“Walk these streets today and you’ll see students, cafés, corner shops, and old stone walls. But imagine, just for a moment, the same streets 150 years ago – alive with children, crammed houses, smoky skies… and the daily grit of life in the industrial age.”
This part of Swansea changed fast. In the mid-1700s, it was still mostly fields. But by the early 1800s, the copper industry had exploded. Swansea had become a furnace – its heart beating in Landore, Hafod, and Greenhill.
And people needed homes. Quickly.
Workers came pouring in, Welsh labourers, Irish immigrants fleeing famine, and others drawn by the promise of work. Builders threw up houses wherever space allowed, usually without planning, plumbing, or safety in mind. Rows of tightly packed terraces sprang up around here, pressed into steep streets and alleyways.
A house might be little more than two dark rooms with a shared yard. Often a dozen people or more crammed into one home. No toilets. No taps. Just outdoor privies, open cesspools, and shallow wells. Children fetched water by the bucket. Sewage seeped into homes. The smell… imagine it on a hot summer’s day.

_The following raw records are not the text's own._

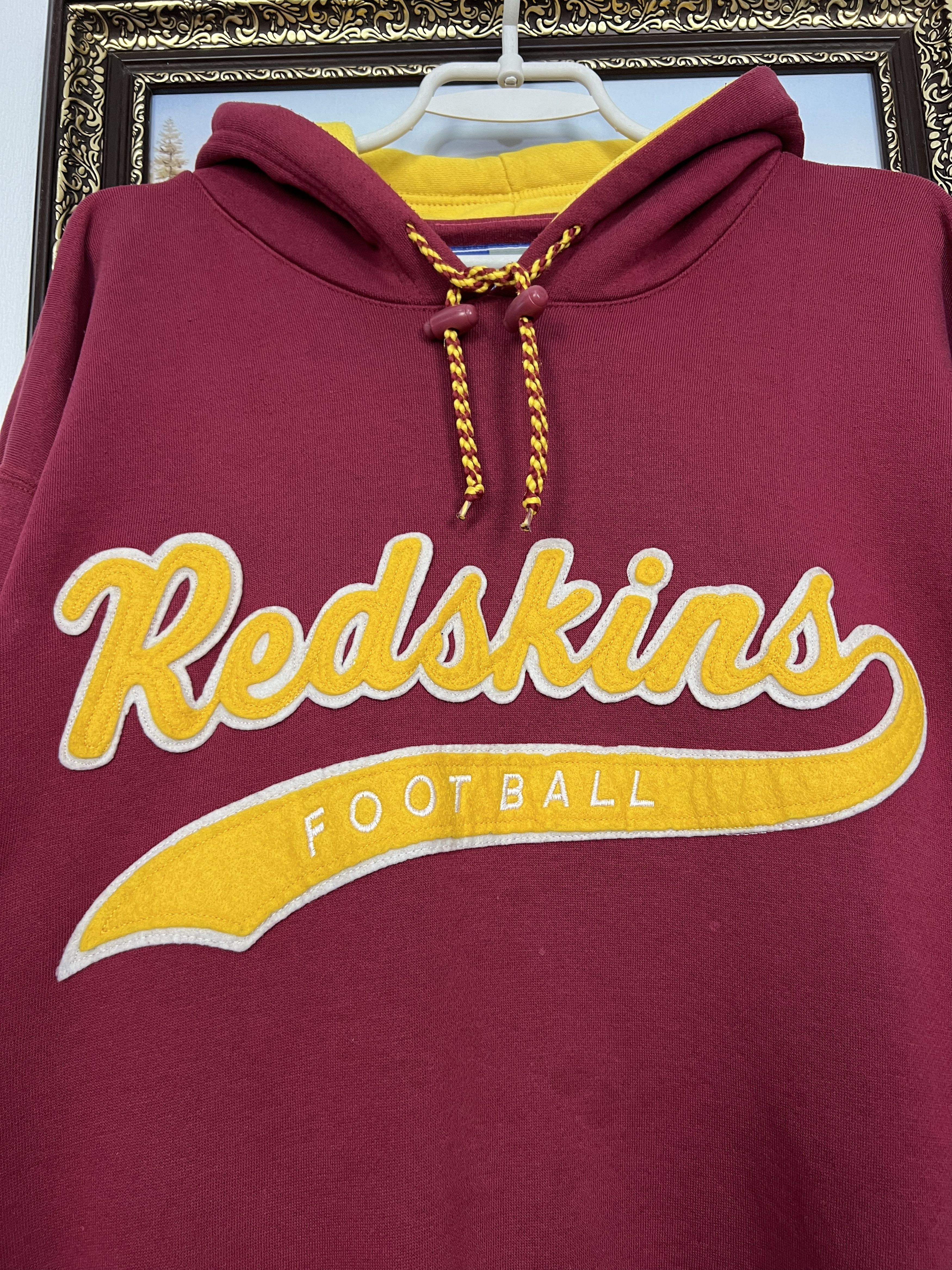 Starter Vintage 90's Starter Redskins Commanders Hoodie Mens NFL Size US L / EU 52-54 / 3 - 3 Thumbnail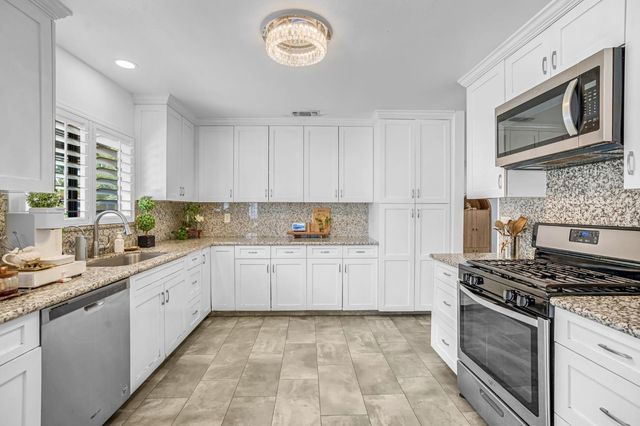 4690 N Barton Avenue, Fresno, CA 93726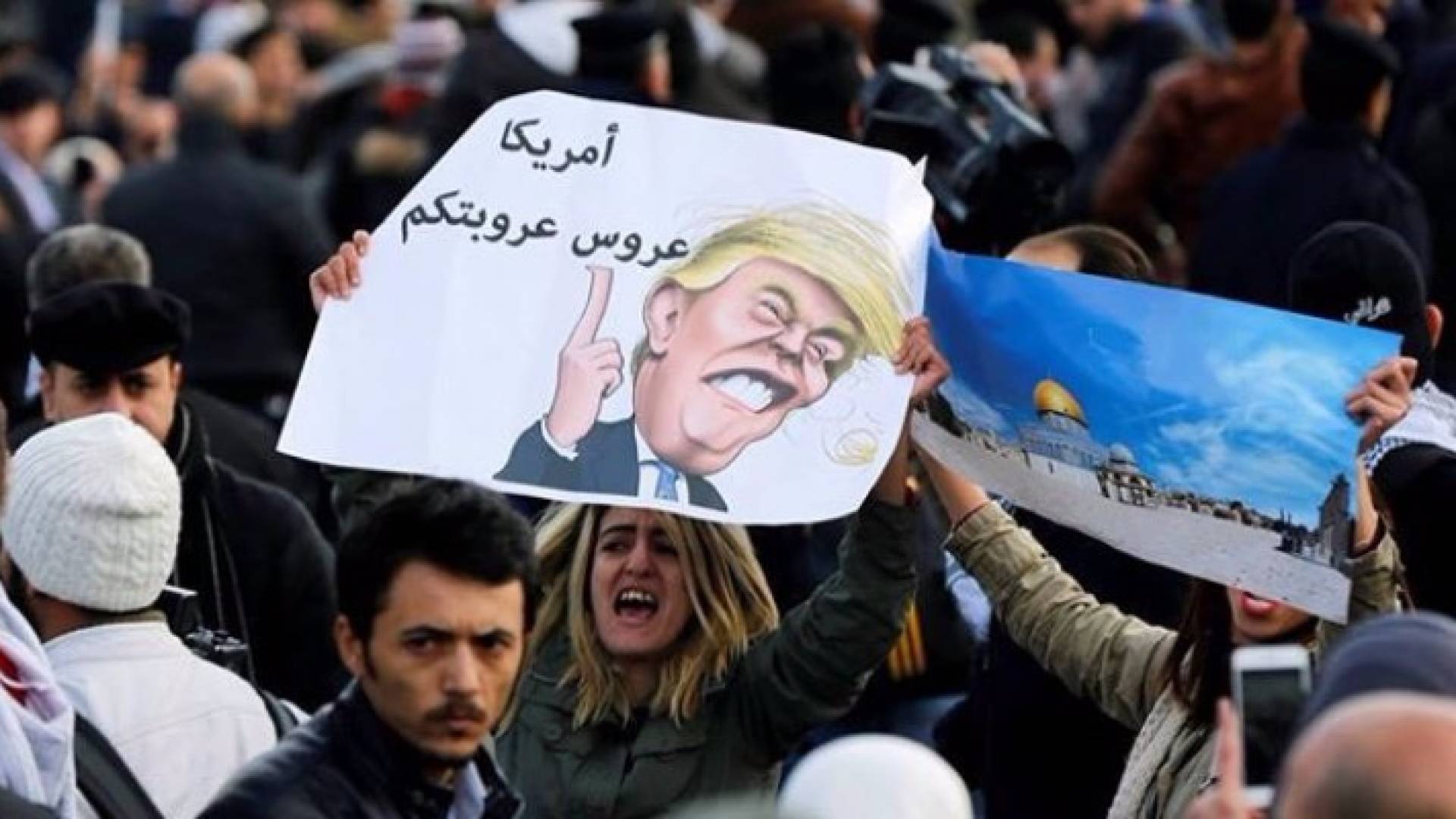 من الاعتصامات أمام السفارة الأمريكية في عمان 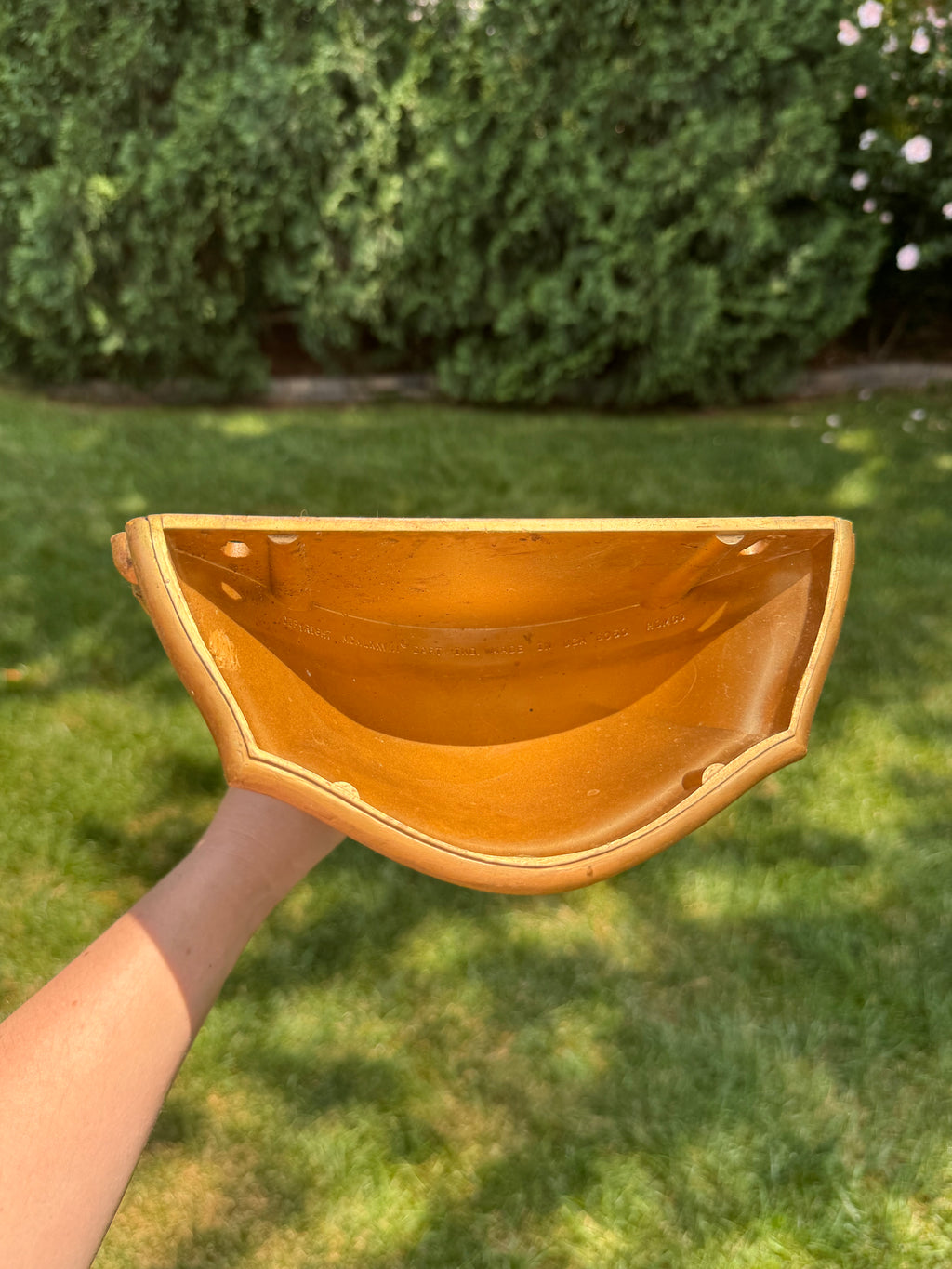 Vintage Pair of 1978 HOMCO Gold Wall Pocket Planters | Hollywood Regency Wall Pockets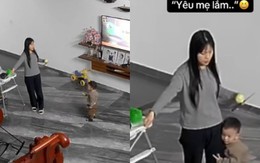 Bé trai lém lỉnh khi thấy mẹ cầm roi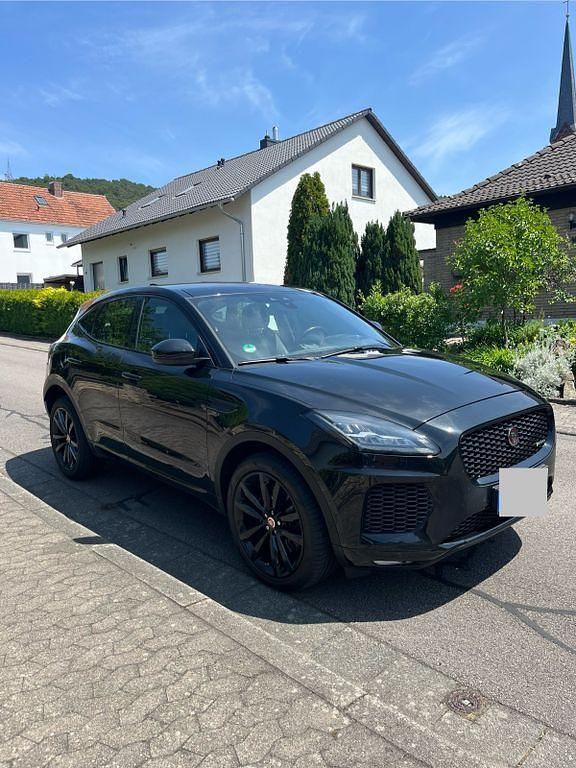 Schwarz Gebraucht 2018 Jaguar E-Pace First Edition SUV | 28.500 € - Bild 1/4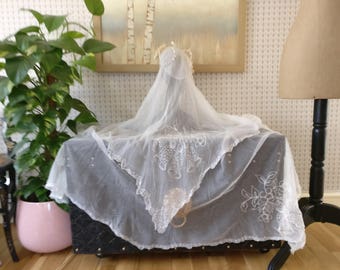 reduced Wedding veil Juliet Cap undetermined age / Vintage maker / home made wedding / costume/ theatrical connection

Two key surveys from the 1800s tell us just how bad things were.
In 1849, a man named George T. Clark recorded that in one nearby street, 117 houses shared just a few toilets, and many families had none at all. Cesspools overflowed into the streets. In one case, a toilet floor had rotted so badly that the only way to use it was by balancing on stones.
Another report showed that water had to be bought, fetched from distant pumps, or waited for at crowded spouts. One resident said you might queue for hours just to fill a jug.
Yet in these homes, families still found ways to live. To love. To care for one another. A court might be filled with children’s laughter or neighbours sharing firewood. It wasn’t just hardship. It was home.
Eventually, public pressure grew. In the 1870s, campaigns began to clear the worst housing, places like Regent Court and Howell’s Court, known for crime, disease, and desperation. But even that came with a cost.
Instead of building better homes for those displaced, the council-built Alexandra Road a grand street lined with galleries and schools, designed to impress. Meanwhile, the poor were simply pushed elsewhere, often into equally overcrowded houses nearby.
Newspapers of the time asked hard questions:
“Can nothing be done to lift these miserable people from the slough of despair?”
And yet, the people of Greenhill endured. They made the best of what they had. Some raised children who went on to become preachers, shopkeepers, factory workers, and even poets.
Many who once lived in these streets are now buried in the ground around you.
Their houses may be gone, but their stories still live in the soil, the stones, and the spirit of this place. And now, through this garden they’re remembered.